Experienced with Mac and windows platforms.

I appreciate you want to get away from lists, but why say something with 14 words when you can say it with six or less.

Also why bundle skills and interests together? - I have to read the whole lot to find out both, rather than putting all your skills under one heading and your interests under another, is design management a skill or just an interest of yours - I’m playing devils advocate, but it’s food for thought.

Be as creative and as memorable as you like (depending on the job you’re applying for), but not before or in the way of communication. I’m not an expert although I have looked over 100’s of CV’s from the employer side of the table. There may be differences in CV writing between USA and UK, so if anyone else can respond to give a rounded answer or tell me I’m talking crap, that would be cool.

This is very helpful feedback. I really appreciate it. Sometimes the descriptions are longer to explain in more detail, but I may be able to shorten that and leave it out.

My current employer is rather important as it’s the United Nations, but I may be able to drastically shorten the information about other employers, as they aren’t.

I also get your point about shortening the descriptions of skills/interests or highlighting keywords. I’ll have another look at that.

Thanks so much!!!

I made the changes you talked about, I highlighted the important keywords in the skills section, and shortened and condensed it where possible. I also removed the “human interest” stuff from my job descriptions, and just included the materials I created and the focus of the jobs, I will include the impact of my work in the cover letter instead. I have removed all school descriptions too, since most of that was already in skills, and just made sure all of it was in skills and interests. I also separated skills from interests. I put interests first because I really think that these comprise my Unique Selling Point as a designer.

Have a look at the link about if you like.

search the core boards for “resume” there have been a ton of topics and examples on the issue…

best of luck,

R

It looks much better/easier to read, but…

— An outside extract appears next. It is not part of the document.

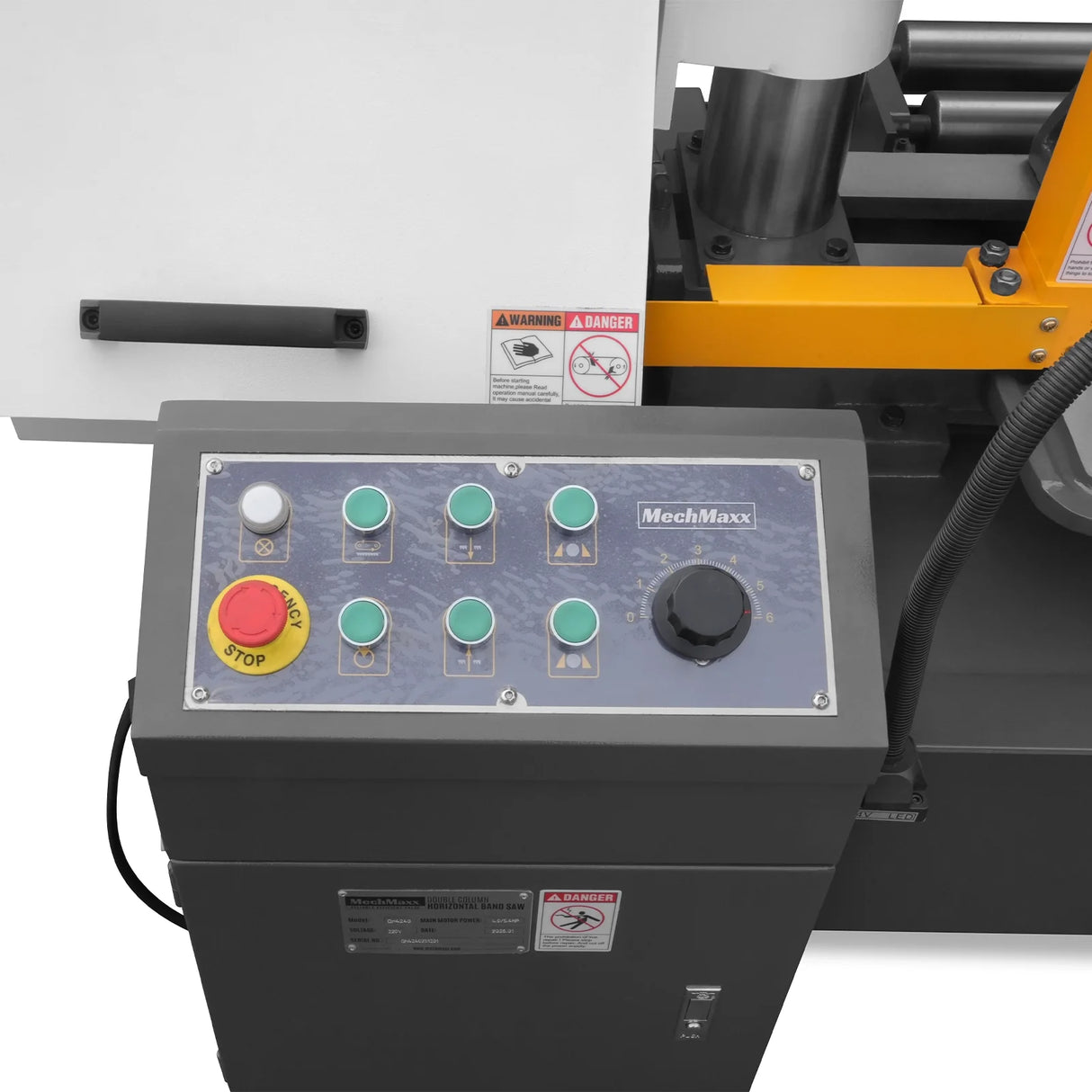 MechMaxx 15.7" Industrial Horizontal Metal Cutting Band Saw, Hydraulic Feed, 3.0/4.0 kW Motor, Manual Clamping, for Steel, Alloy, Metal Fabrication GH4240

You don’t have any grades from your education

Under ‘Interests’ you list design management, which is very confusing.

but more importantly, on reading through the design management paragraph, you mention at the end: ‘experience managing an in-house design department’

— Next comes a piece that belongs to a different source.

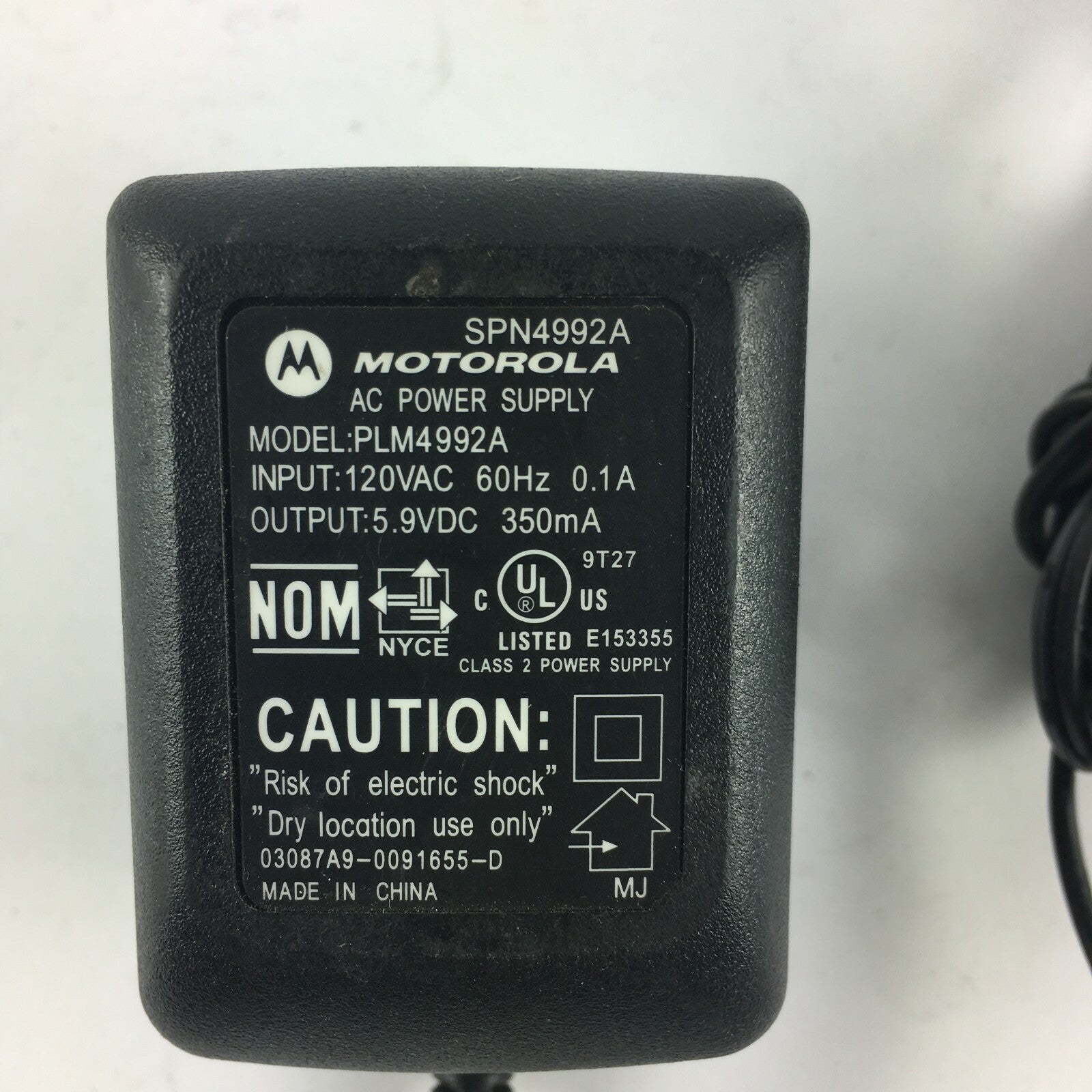 Genuine Motorola PLM4992A Output 5.9V 350mA Power Supply Adapter A23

This is probably your most important experience to date and it’s totally hidden away. Having management experience is such a big plus as, depending on the job you want it will get you more money, bigger jobs, shows much more about you, opens doors - you would be mad not to make more of this.

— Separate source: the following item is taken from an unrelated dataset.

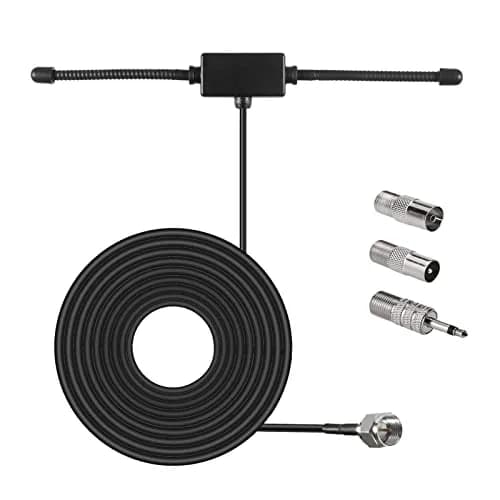 AEDIKO FM Radio Antenna Adhesive Mounting FM Dipole Antenna for Stereo Receiver Indoor Music System FM Radio Home Stereo Receiver AV Audio | 75 Ohm, 3M Cable thumbnail 1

I thought I’d better test what I’ve been recommending, so I have written a spoof CV for a product designer with 5-6 years experience. It’s rough, I haven’t spent ages on layout and font size etc. I haven’t written a CV for a while so can’t show you my current one. Anyway, this is a format a lot of people outside of design are using, the idea being you choose 4 key competencies at the start and give examples, tailored to each job you are applying for. This way rather than have companies fish through your CV for the key skills they require, they are all on the first page. The things that don’t change, career history, education etc are on the second and they can quickly scan for the main info (company and time scale) or delve deeper into experience. I’m not saying it’s anywhere near perfect, but it might be another method/give you a few ideas. Print it out and see what you think.

I’m not saying change what you’ve done, its good - but I still think you can make a lot more of yourself/sell yourself a little better.


Wow, thanks for the feedback that was really helpful. I like the way this resume is put together. It seems to make more sense than what I’ve been seeing, which is just a listing of the “boring stuff” with no real detail of information about what makes that person unique. I’ll think some more about it.